Wainberg concluded that the NALIRIFOX regimen tin beryllium considered the caller notation regimen for first-line attraction of metastatic pancreatic adenocarcinoma. "Hopefully it's thing we tin physique disconnected of successful the future."

Discussant for this paper, Laura Goff, MD, MSCI, an subordinate prof of medicine and the enforcement aesculapian manager for the Cancer Patient Care Center astatine Vanderbilt Ingram Cancer Center, Nashville, Tennessee, agreed.

For "fit patients, these results enactment the NALIRIFOX regimen arsenic the caller notation regimen for first-line attraction of metastatic pancreatic adenocarcinoma," she said.

"It is the caller modular for acceptable patients," she added.

She besides agreed with the authors' decision that NALIRIFOX demonstrated clinically meaningful and statistically important improvements successful wide and progression-free endurance compared with nab-paclitaxel/gemcitabine.

"The information illustration of NALIRFOX was manageable and accordant with the attraction components," she said. "Both regimens had precocious toxicity rates, but their toxicity profiles were different."

Goff pointed retired that precocious rates of toxicity were seen successful some arms, "despite the estimation that gemcitabine/nab-paclitaxel is simply a importantly easier regimen to tolerate. I would reason that these information bash not needfully enactment that."

The survey was funded by Ipsen. Wainberg reported relationships with Amgen, Arcus Bioscience, AstraZeneca/MedImmune, Bayer, Bristol-Myers Squibb, Daiichi Sankyo/Astra Zeneca, Ipsen, Lilly, Merck, Novartis, Pfizer, Plexxikon, PureTech, QED Therapeutics, Seattle Genetics. Goff reported relationships with Agios, ASLAN Pharmaceuticals, AstraZeneca, Basilea, BeiGene, Boehringer Ingelheim, Bristol-Myers Squibb, Exelixis, Genentech, Merck, and QED Therapeutics.

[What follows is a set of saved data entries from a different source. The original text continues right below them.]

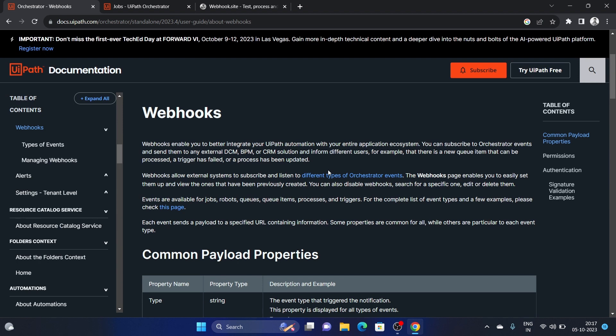On all such events, it sends the event details to an external app. The external app could be a DCM, BPM (Business Process Management), or CRM solution, allowing you to show UiPath Orchestrator data in different applications. As per the UiPath documentation, webhooks allow external systems to subscribe and listen to different types of events.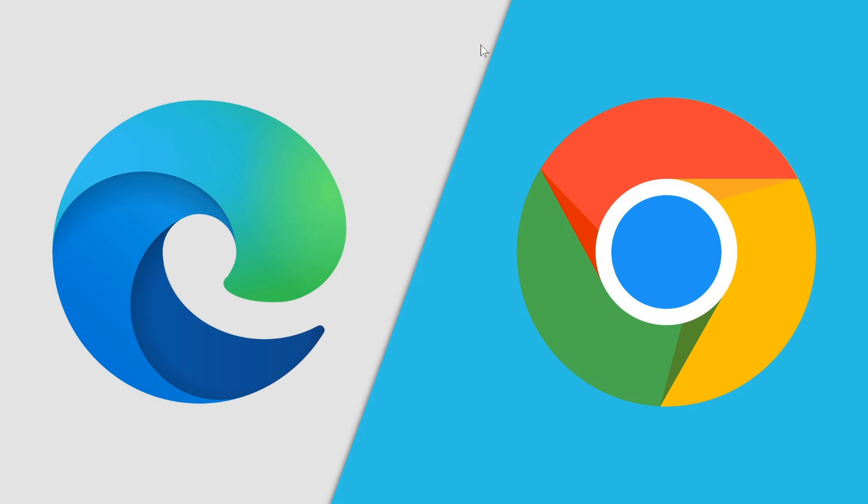So and there are other browsers out there that are actually working at having your privacy the number one thing. There's Opera is one. Brave is another one. And some people use these browsers and it's fine. But you got to understand if you are talking strictly Edge versus Chrome, Edge is a lot more privacy-concerned and privacy-oriented than Chrome. Chrome is not. Chrome is, in reality, a privacy nightmare.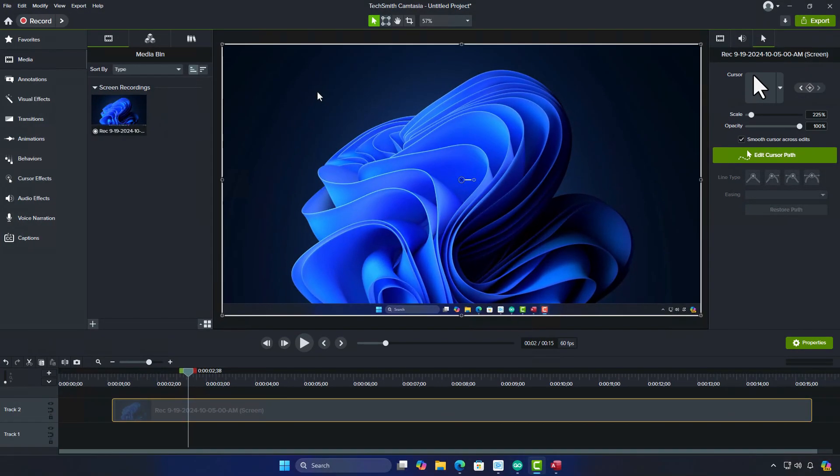If you prefer not to change the opacity, there's another method. You can hide the cursor entirely using the Properties panel.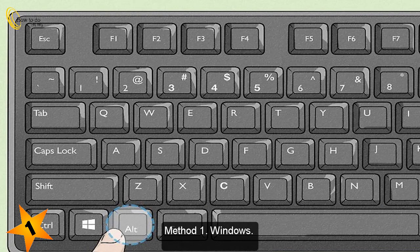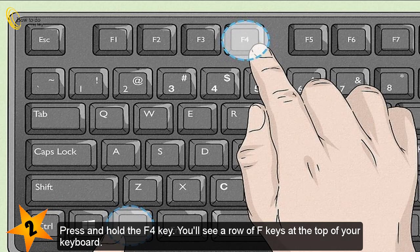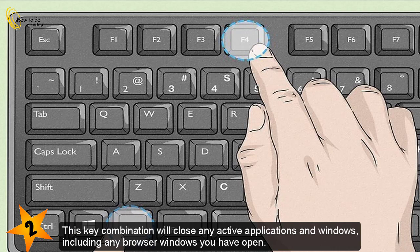Method 1: Windows. Press and hold the Alt key — you can use the Alt key on the left or right side of your keyboard — then press and hold the F4 key. You'll see a row of F keys at the top of your keyboard. This key combination will close any active applications and windows, including any browser windows you have open.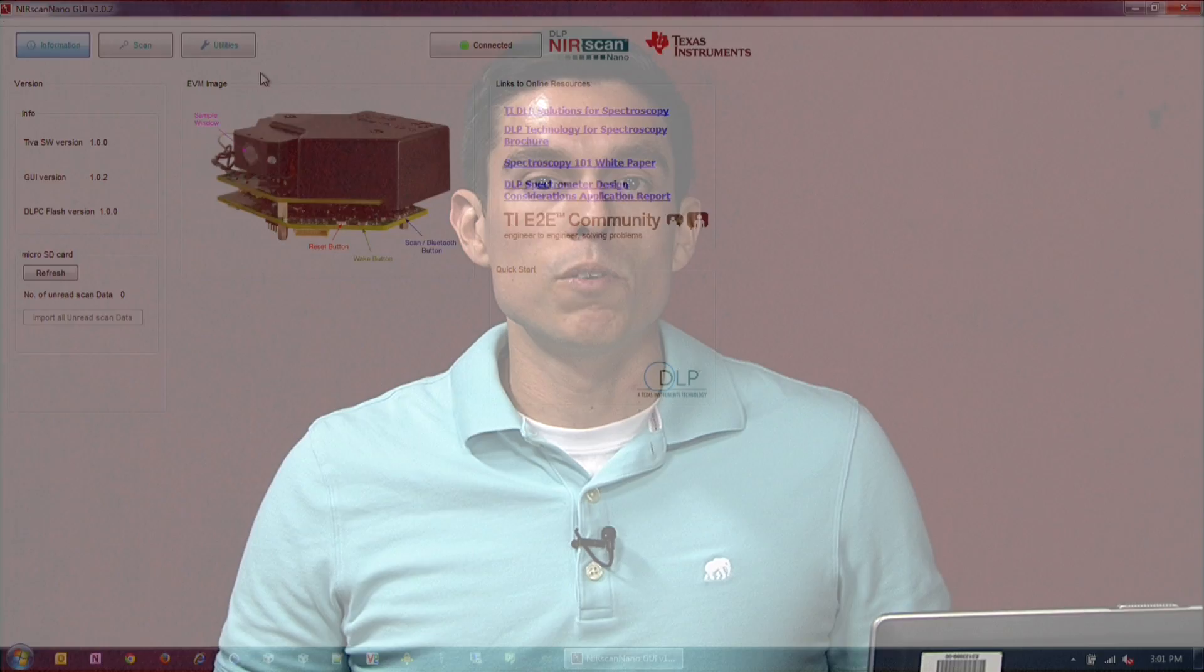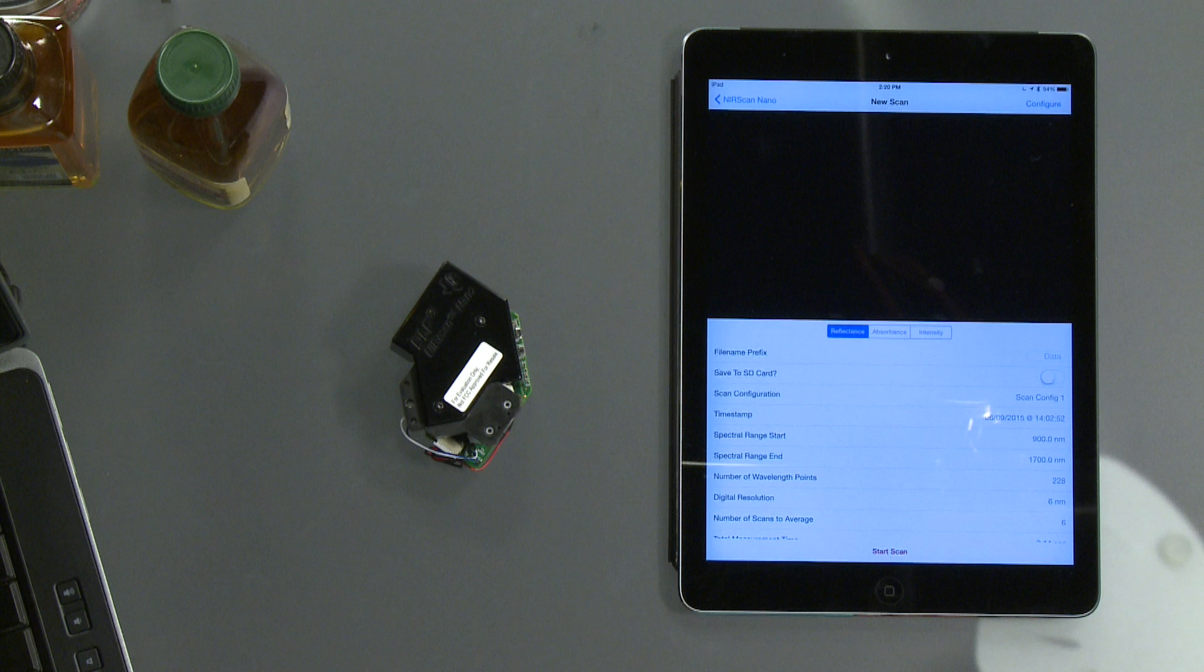For Bluetooth connection, use the iOS app to enable the same GUI features like taking scans, downloading and displaying data, and changing the system parameters. Refer to the user's guide for battery specifications for a complete wireless option.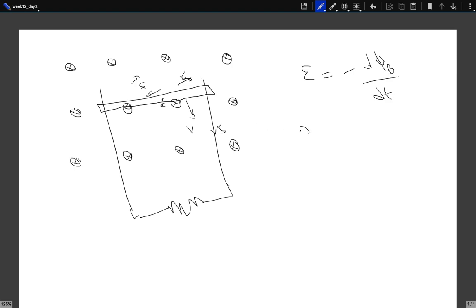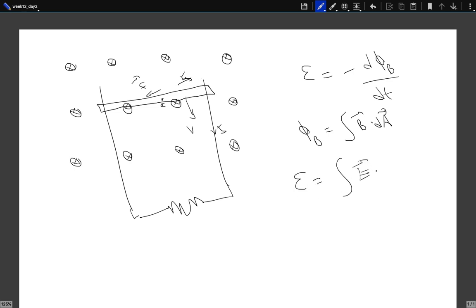The magnetic flux is defined as ∫B·dA over some area — in this case the area enclosed by the circuit loop. The EMF is the work done on a charge as it moves around the circuit; work is done only by the electric field, so the EMF is actually ∮E·dL around the loop. The direction of dA and the direction of dL must be consistent with each other.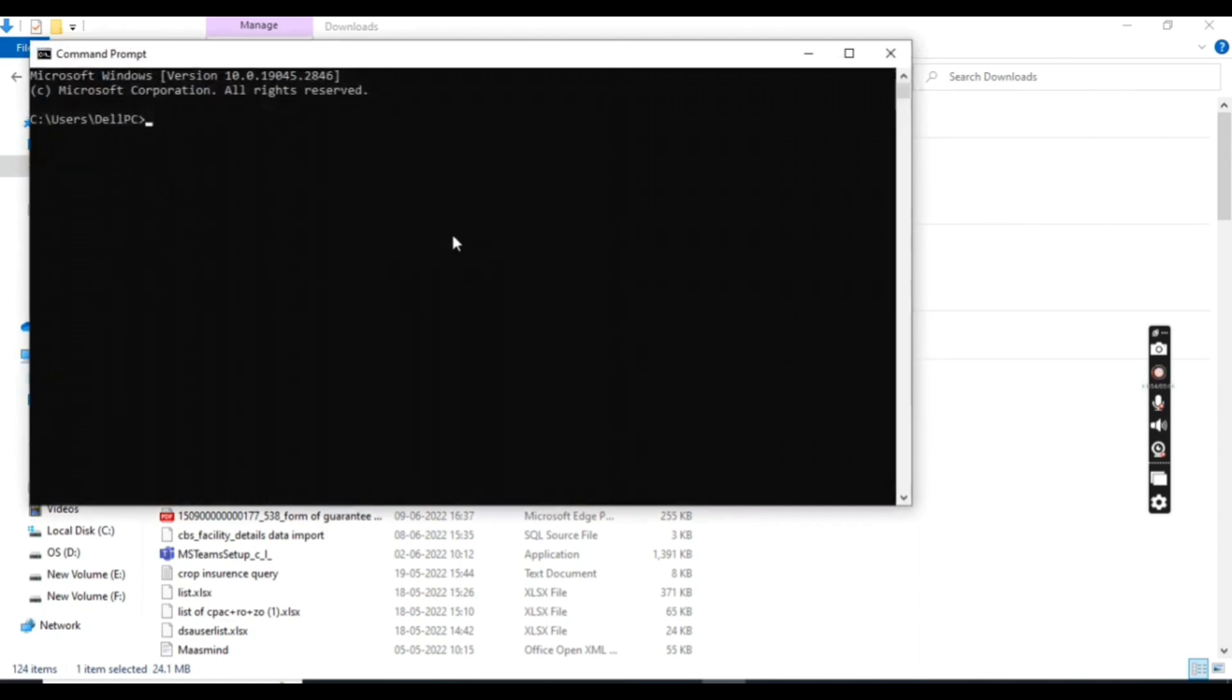Here we can check the version of Python or we can cross-verify whether our Python installed correctly or not. For that we have a command: python space hyphen hyphen version.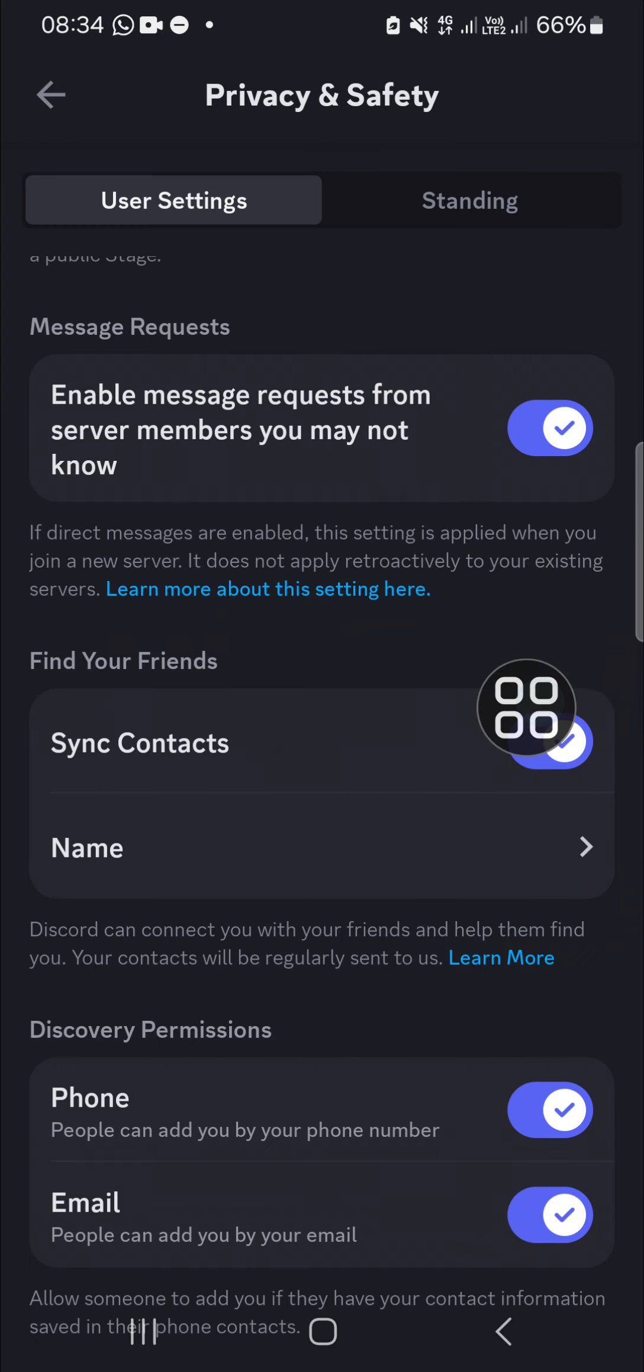button to activate it. All right guys, that's all the steps to sync contacts on Discord to easily find your friends. I hope this tutorial will be useful for you. Thank you so much for watching, and if you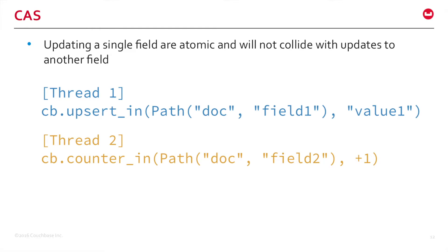What about CAS mismatch? In SubDoc API, there are two levels of consistency. One is called local consistency. At the local consistency level, two threads can update two separate fields at the same time without causing a CAS mismatch. In this example, you can see thread 1 can update field 1, and thread 2 can update field 2.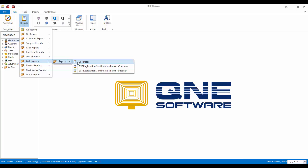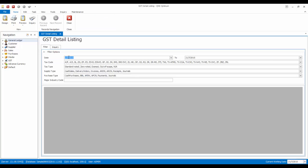Now, I would like to inquire for the month of April, so I change the dates.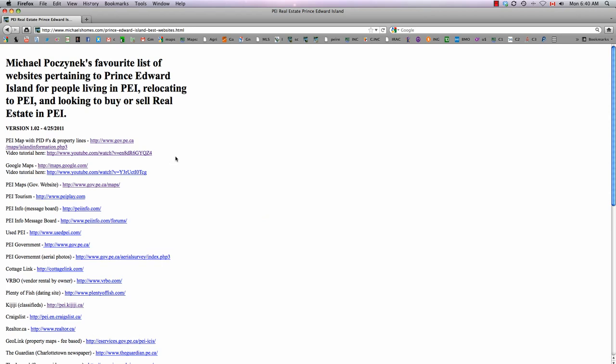We just did a video on PEI maps. We've got Google Maps. Those are probably the two most important mapping sites you're going to find. Number three is a complete list of all kinds of different maps you can get, including agricultural and soils types.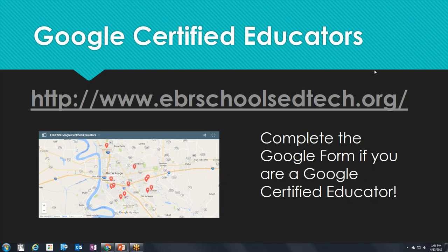If you are a Google Certified Educator, by all means add yourself to the map. If you know a Google Certified Educator at your school who hasn't joined yet, encourage them to join our community. The purpose of this map is to provide a place for educators to network together on the journey toward becoming Google Certified or just becoming more proficient using and integrating Google tools in the classroom.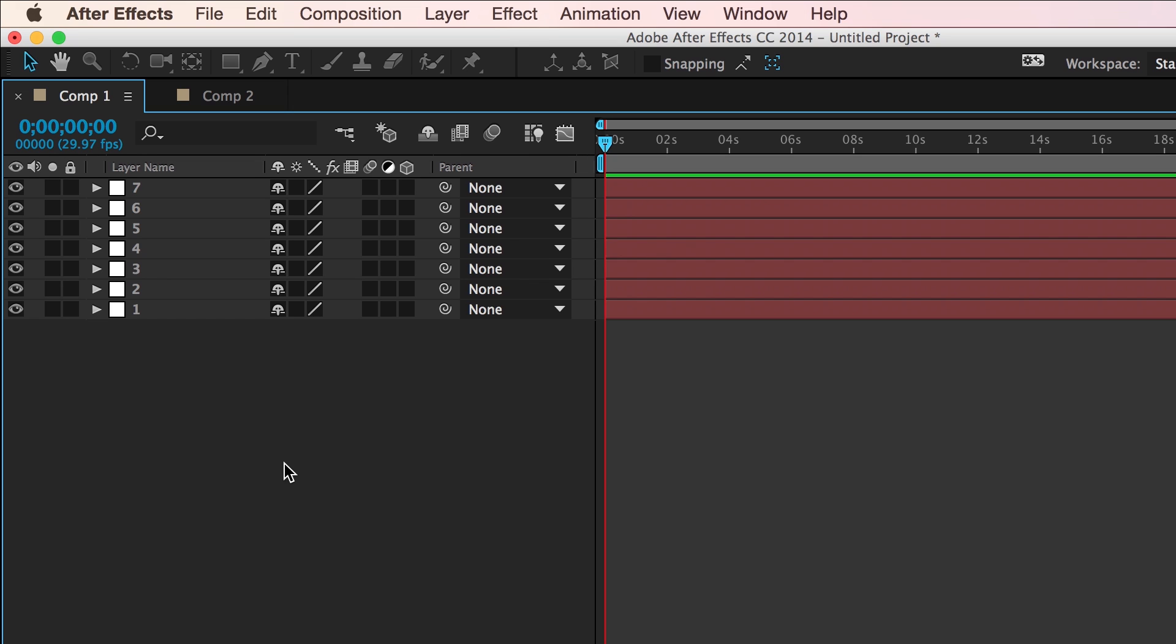If you've used After Effects for any amount of time, then you'll know the order of your layers can be very important. So, when copying and pasting, keep this in mind.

Most of the different authors connected the survey had disclosures.

Presented January 20 astatine the 2023 ASCO GI Cancers Symposium. Abstract LBA661

Roxanne Nelson is simply a registered caregiver and an award-winning aesculapian writer who has written for galore large quality outlets and is simply a regular contributor to Medscape.